We’re dyeing to know: What’s up with Joe Maddon’s darker hair … – Chicago Tribune
The question that really needs to be answered is this: What’s up with Joe Maddon‘s hair?
When he left town Aug. 6 for the “Easy Rider” road trip out west, Maddon’s bright, white mane was plain to see. The silver-haired look was part of his image, along with his dark-framed glasses. In Tampa they called him the Roger Sterling of the Rays, a nod to the “Mad Men” character.
But something strange happened in California, as it often does with the Cubs, and Maddon came home a changed man, at least from the ears up.
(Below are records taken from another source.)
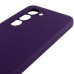 Чохол TPU GETMAN Liquid Silk Full Camera для Xiaomi Redmi 15 (EU) Чохол TPU GETMAN Liquid Silk Full Camera для Xiaomi Redmi 15 (EU)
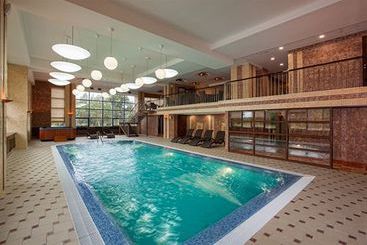 هتل Royal  Spa & Wellness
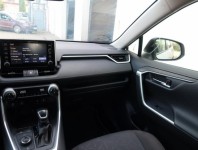 Toyota RAV 4  2.5 Hybrid 
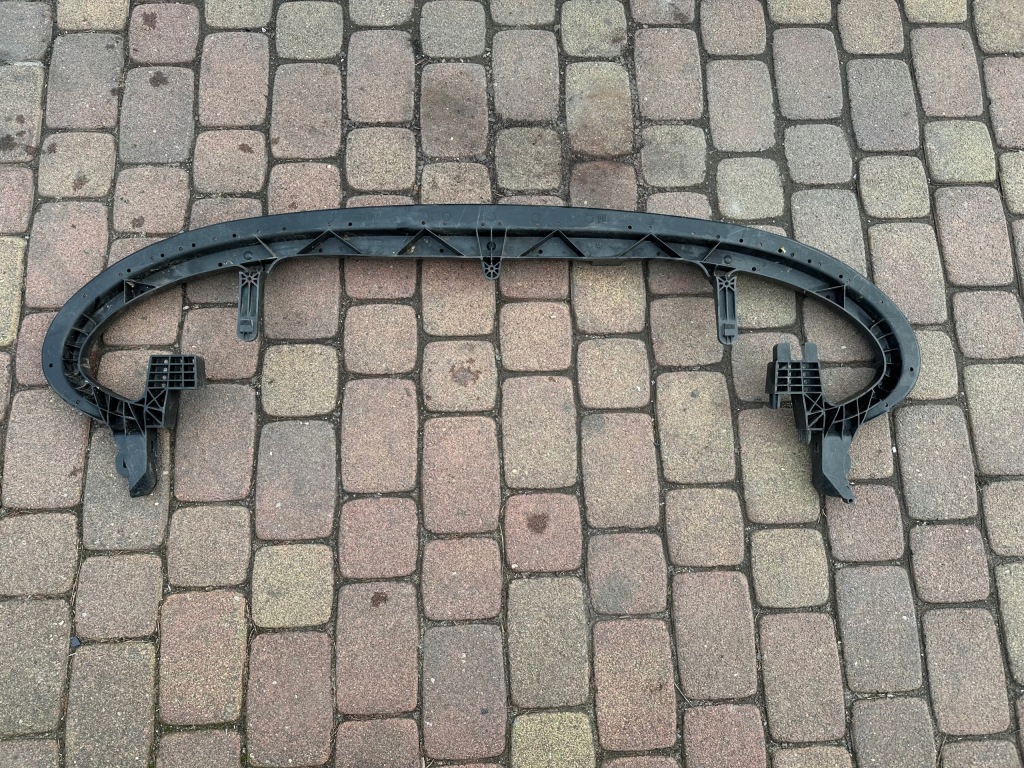 фото №1, Opel adam усилитель балка бампера перед передняя idealna оригинал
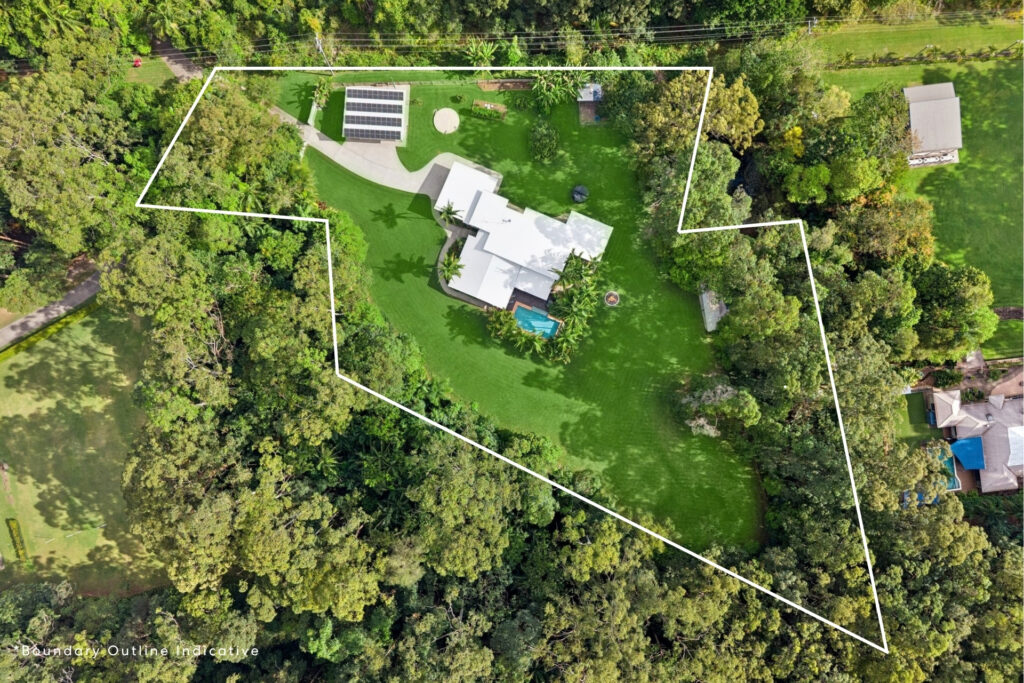 For Sale - 261 Tanawha Tourist Drive - New Property in Tanawha - Real Estate by Chris Pace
His hair is noticeably darker in spots, more of a salt-and-pepper look than a straight dye job. It almost seemed as though Maddon was auditioning for a part in one of those Grecian Formula ads.
Was it just an optical illusion? A midlife crisis? A Cubbie Occurrence? Was Maddon actually paid to dye his hair to endorse some product?
Only his hair stylist knew for sure.
Since Maddon wears a baseball cap during games, it was difficult to determine for sure whether he had colored his hair or not, so no one asked him. Maybe it just looked darker during his press conferences, when he typically goes hatless, because it was still wet from a shower. Or perhaps it was the mood lighting in the Cubs media room.
The question went unanswered, or more precisely, unasked, during the recent homestand. Most of the media members covering the Cubs are male, and guys typically don’t ask guys about their hair color, even as they make fun of their bald friends for not having hair. Go figure.
Maddon’s hair was the elephant in the media room, and the same color to boot. But as the homestand progressed, the topic of hair color receded in importance, replaced by more pressing matters like bullpen walks and Lester’s shoulder.
But every day it gets a little darker, so on Thursday I buttonholed someone from Maddon’s inner circle and asked point blank whether he’s dying his hair.
The source, who asked to be called “Deep Root” so as not to reveal his identity, confirmed Maddon is in fact coloring his hair and was waiting on someone to notice. The idea to change hair color stemmed from a visit to a downtown Chicago hair stylist whom the source would only identify as “Fred.”
In late July, Maddon was advised by Fred to “rock the blue-steel tone,” which Ben Stiller adorned in “Zoolander.”
Initially hesitant to mess with his famous follicles, Maddon finally decided to give the product a try after the Cubs lost their third straight series in San Francisco.
Maddon began to adopt the blue-steel look before the start of the Cubs series in Arizona on Aug. 11, and his hair has been getting darker by the day.
The early results have been promising, at least for the Cubs. They’d won 9 of 12 before Thursday’s series finale against the Reds in Cincinnati, building their biggest lead in the NL Central Division.
If the trend continues and the Cubs win the World Series, Maddon’s hair should be black by the end of the season, while Fred would be likely to get a championship ring.
Maddon apparently isn’t worried about negative reaction to the new color, or any cracks he’s trying to look younger than his 63 years. He already has shaved his head for his charity during spring training, and he dyed it jet black back in 2009 when the Rays had a “Ring of Fire” road trip in which they dressed in black like Johnny Cash. (Former Rays manager Lou Piniella set a precedent in Tampa in 2003 when he had blond streaks put in his hair after a three-game win streak.)
Strangely, no one in the clubhouse has said anything to Maddon. One of his coaches has been staring at him funny but hasn’t asked about the hair.
None of the Cubs players had mentioned Maddon’s changing hair color during their conversations with him, though what they’re talking about in the hydrotherapy and sensory-deprivation tanks is anyone’s guess.
Whether blue steel remains the look of choice may depend on how the Cubs fare the rest of the way.
Just remember that hair of the dog is the best way to cure a World Series hangover.